此時他有點騎虎難下了。
擱在往常,葉閔這種區區白尊境的小子敢冒犯自己,鄭通都直接暗中打壓了。
可顧修緣當面,鄭通一時坐蠟。
顧修緣見鄭通猶疑,哪還不知道葉閔說的差不多就是真的。
“鄭管事,破陣吧。”顧修緣沒有多說廢話,只是看著鄭通的目光有點冷。
鄭通想到他的身份,不由打了個哆嗦,旋即咬牙取出了玉盒。
捏起一枚元棠果實,鄭通將其擠破后滴在了封禁處。
先前還攔住眾人腳步的云陣瞬時消融,再不能成為阻礙。
看戲的眾人頓時嘩然,沒想到那小子竟然沒有說大話。
看來鄭通強買之事多半是真的。
顧修緣沒有急著踏入珍寶苑,而是對葉閔說道:“這些果實的差價后續會為你補上,答應你的一件寶物也可兌現。
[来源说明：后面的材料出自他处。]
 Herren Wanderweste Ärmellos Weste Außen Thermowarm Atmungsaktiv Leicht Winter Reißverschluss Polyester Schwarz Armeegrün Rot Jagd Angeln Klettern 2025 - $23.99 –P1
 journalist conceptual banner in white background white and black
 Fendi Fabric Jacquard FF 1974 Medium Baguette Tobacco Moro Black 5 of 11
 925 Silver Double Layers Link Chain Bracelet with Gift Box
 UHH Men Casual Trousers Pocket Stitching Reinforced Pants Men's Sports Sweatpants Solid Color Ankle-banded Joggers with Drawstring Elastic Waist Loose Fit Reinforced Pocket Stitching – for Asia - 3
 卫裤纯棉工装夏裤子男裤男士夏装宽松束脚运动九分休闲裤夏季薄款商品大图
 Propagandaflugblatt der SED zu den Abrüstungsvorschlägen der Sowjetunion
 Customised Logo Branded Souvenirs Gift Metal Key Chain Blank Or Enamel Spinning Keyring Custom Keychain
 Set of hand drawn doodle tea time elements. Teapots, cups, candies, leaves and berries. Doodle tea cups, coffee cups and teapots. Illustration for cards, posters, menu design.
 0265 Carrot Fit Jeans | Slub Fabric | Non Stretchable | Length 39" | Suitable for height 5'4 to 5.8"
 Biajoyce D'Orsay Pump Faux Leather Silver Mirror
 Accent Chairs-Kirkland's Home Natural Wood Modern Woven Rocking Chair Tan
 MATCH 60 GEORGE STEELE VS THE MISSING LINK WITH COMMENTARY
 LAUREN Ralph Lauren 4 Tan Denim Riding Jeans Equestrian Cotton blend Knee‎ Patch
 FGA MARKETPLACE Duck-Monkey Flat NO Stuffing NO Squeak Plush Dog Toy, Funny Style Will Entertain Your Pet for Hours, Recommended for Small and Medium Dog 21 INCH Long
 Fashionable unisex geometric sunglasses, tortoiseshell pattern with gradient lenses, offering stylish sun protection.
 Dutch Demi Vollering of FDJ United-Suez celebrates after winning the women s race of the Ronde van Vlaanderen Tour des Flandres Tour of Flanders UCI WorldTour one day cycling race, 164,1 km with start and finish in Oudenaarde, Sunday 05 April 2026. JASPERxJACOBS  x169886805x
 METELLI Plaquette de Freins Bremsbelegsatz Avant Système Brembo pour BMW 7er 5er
”
言下之意就是,鄭通一事到此為止了。
葉閔眼神閃爍,這顧修緣到底是何身份,能影響鄭通這個黃尊境不說,而且行事滴水不漏,這樣的人可不是無名之輩。
田青筠看了葉閔一眼,暗嘆對方好運道,不過沒有繼續將精力浪費在葉閔身上。
珍寶苑的云陣被破,從道理上說是三山盟的功勞,但這也難擋其他勢力的人進入其中。
對此,顧修緣等人沒有出手阻攔。
除非有三山盟的云仙在場,否則引了眾怒可就難收場了。
顧修緣沒有食言,哪怕珍寶苑中呈滿了寶物,他也沒有看一眼,反而對葉閔道:“你可以先挑一件。”
葉閔有些意外,但隨即反應過來,在眾人嫉妒的目光中走到了珍寶苑中央。
其余勢力的人目光閃爍,不知在想些什么。
這種小兒鬧事持金的局面,他們可是好久沒有遇到了。
不管怎么說,葉閔有第一個挑選的權利。
但他不識那些寶物的價值,根本不知道自己該選哪一個。
懷中雖有黃泉道人殘魂,但葉閔不敢在這種情況下詢問。
柳尋在人群中注視著葉閔,他很想知道這種情況下,道尊傳會如何安排葉閔獲得苦寒來道胎。
葉閔魂庭中,道尊傳鋒芒微斂,下一刻猛地綻開。
“道尊選寶犯難之際,有魔道云仙入遺跡,混亂時,道尊無意觸碰【苦寒來】。”
“三山盟云仙至,斗戰不休,云仙之血引遺跡生孽。”
“孽禍之后,僅道尊與黃衣女子得上古傳承而活,其余皆歿!”
柳尋心中大驚,道尊傳預兆的信息竟如此恐怖。
不提魔道云仙,最后的孽禍只活了兩個人。
葉閔是一個,另一個是黃衣女子。
在場穿黃衣的,就只有田青筠一人。
田青筠后來是葉閔的妻子,兩人的情緣也差不多是這時候開始的。
如果按照道尊傳所言,兩人不光逃得危險,還從中得了上古傳承。
柳尋陰沉著臉,他也在死去之人的名單里。
好在提前知道,不是沒有辦法逃離。
但如此虎頭蛇尾地離開,柳尋并不甘心。
道尊傳的威能他已經見過了,按照內容走向,這次想要改變可謂萬難。
不管云仙還是孽禍,柳尋都無法抗衡。
道尊傳注明了,這次的大禍患將是云仙之血引起的。
從云仙入場到孽禍發生,應當還有段時間。
趁這個機會,柳尋不準備在這里浪費時間了。
珍寶苑里寶物琳瑯,光是上古云寶就有十幾件,里面還有道胎這樣的好東西,或許還有一些傳承。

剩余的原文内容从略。